This bedstraw can be very abundant in some places, as it was in this neglected hillside cemetery in Beechview, where it was blooming in early May. The stems (as you can see in the picture) are covered with prickly hairs that point toward the root, so it’s rough going if you’re a caterpillar or something trying to climb up. The leaves come in whorls of eight, or sometimes six or seven; the stems are square; and the tiny white flowers have four pointed petals.
Gray describes the genus and the species:
GALIUM L. BEDSTRAW. CLEAVERS. Calyx-teeth obsolete. Corolla wheel-shaped, valvate in the bud. Stamens 4, rarely 3, short. Styles 2. Fruit dry or fleshy, globular, twin, separating when ripe into the 2 seed-like indehiscent 1-seeded carpels. — Slender herbs, with small cymose flowers (produced in summer), square stems, and whorled leaves, the roots often containing a red coloring matter. (Name from gala, milk, which some species are used to curdle.)

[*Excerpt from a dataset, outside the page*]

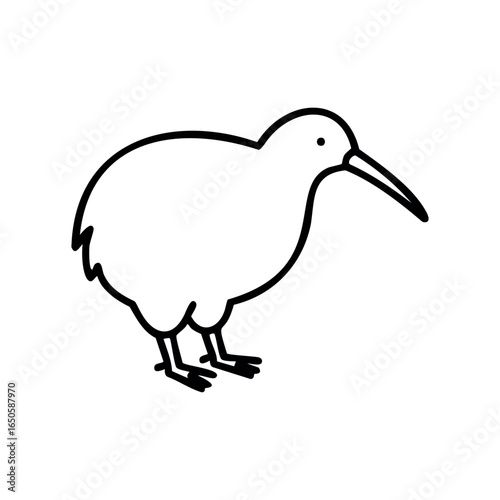 Black and white outline of a kiwi bird standing side view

G. Aparine L. (CLEAVERS, GOOSE GRASS.) Stem weak and reclining, bristle-prickly backward, hairy at the joints; leaves about 8 in a whorl, lanceolate, tapering to the base, short-pointed, rough on the margins and midrib, 2.5-7 cm. long; peduncles 1-3-flowered; flowers white; fruit bristly, 3-4 mm. in diameter. — Seashores, Que. to Fla., and in rich or shaded ground inland; perhaps sometimes introd. (Eurasia.)